▶ _Dataset extract_
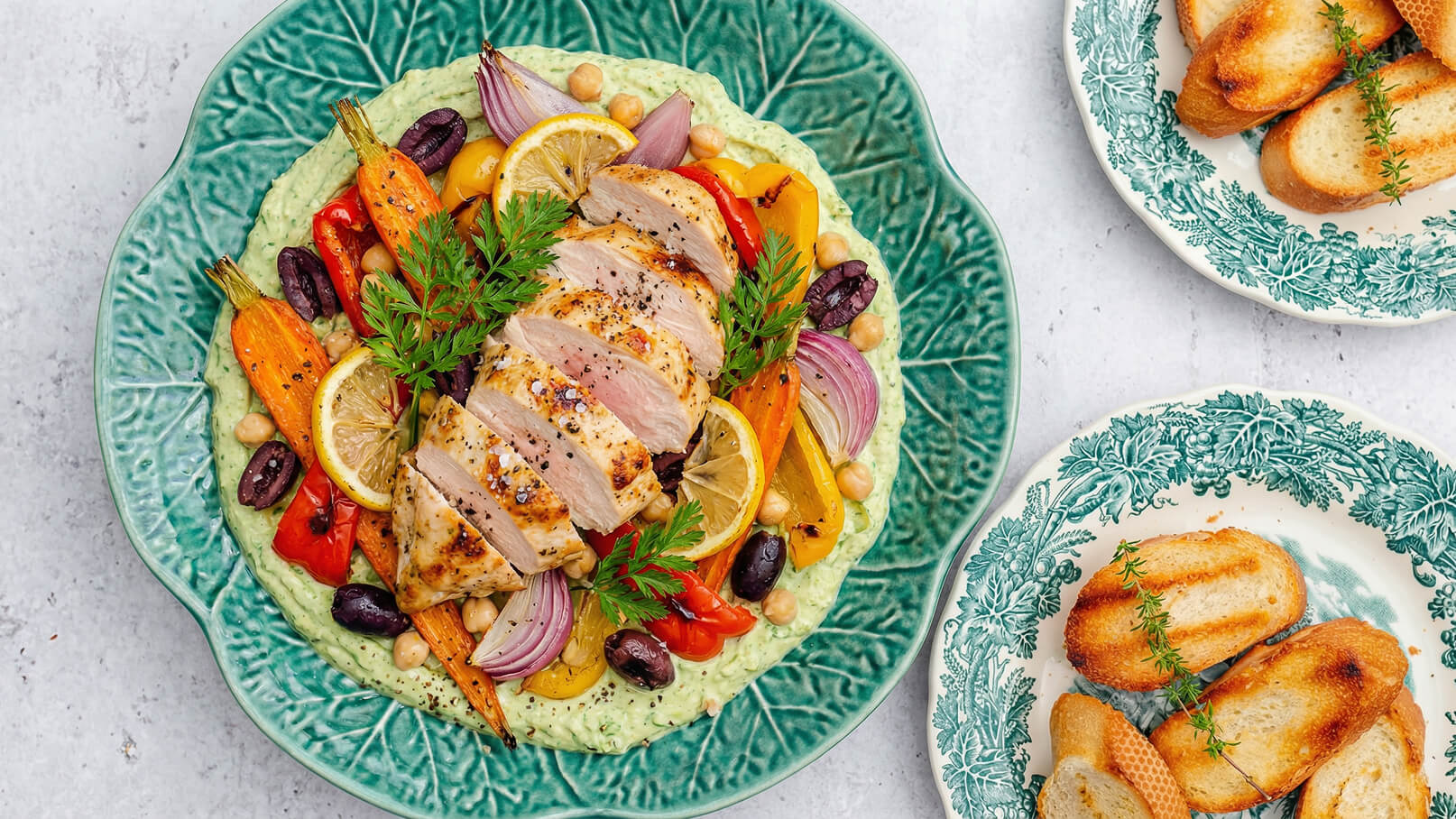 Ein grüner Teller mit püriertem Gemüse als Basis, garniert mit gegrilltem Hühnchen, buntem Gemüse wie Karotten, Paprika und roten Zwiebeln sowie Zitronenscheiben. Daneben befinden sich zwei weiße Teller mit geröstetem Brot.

---

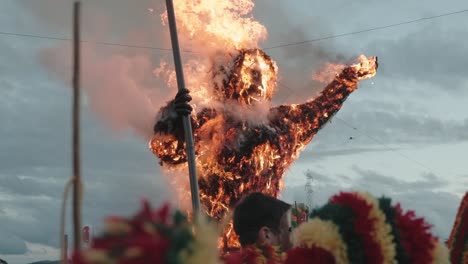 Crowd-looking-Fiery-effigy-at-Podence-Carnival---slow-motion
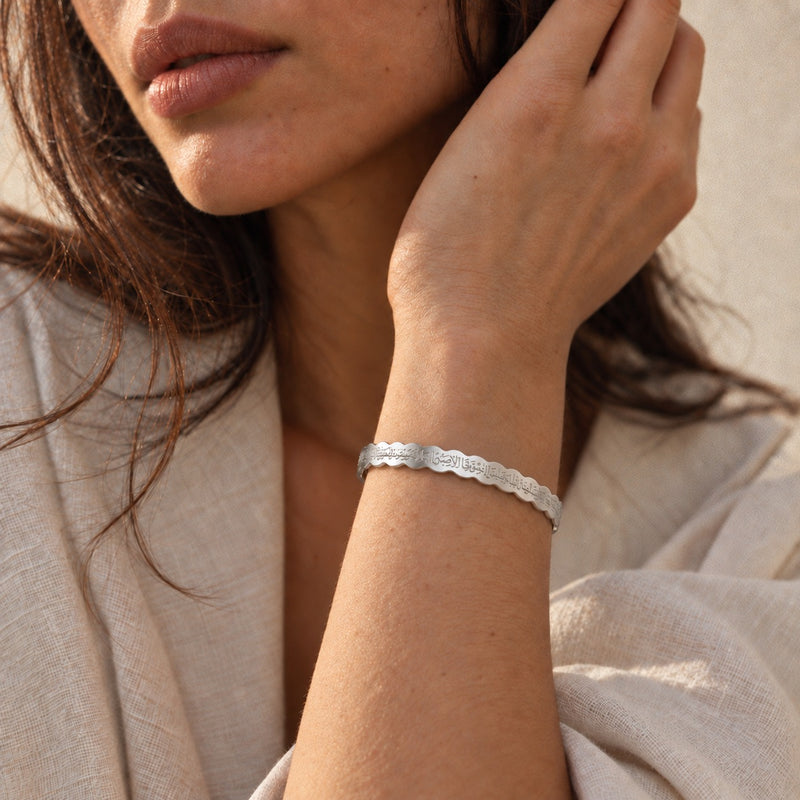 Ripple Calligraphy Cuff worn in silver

...

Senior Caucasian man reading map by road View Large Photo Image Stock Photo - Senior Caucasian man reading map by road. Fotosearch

▶ _Instructions to follow_
Make an exact copy of the lines above, beginning with the line with "Crowd-looking-Fiery-effigy-at-Podence-Carnival---slow-motion" and ending with the line with "Ripple Calligraphy Cuff worn in silver", and keep the pictures out of it.

▶ _Reply_
 Crowd-looking-Fiery-effigy-at-Podence-Carnival---slow-motion
 Ripple Calligraphy Cuff worn in silver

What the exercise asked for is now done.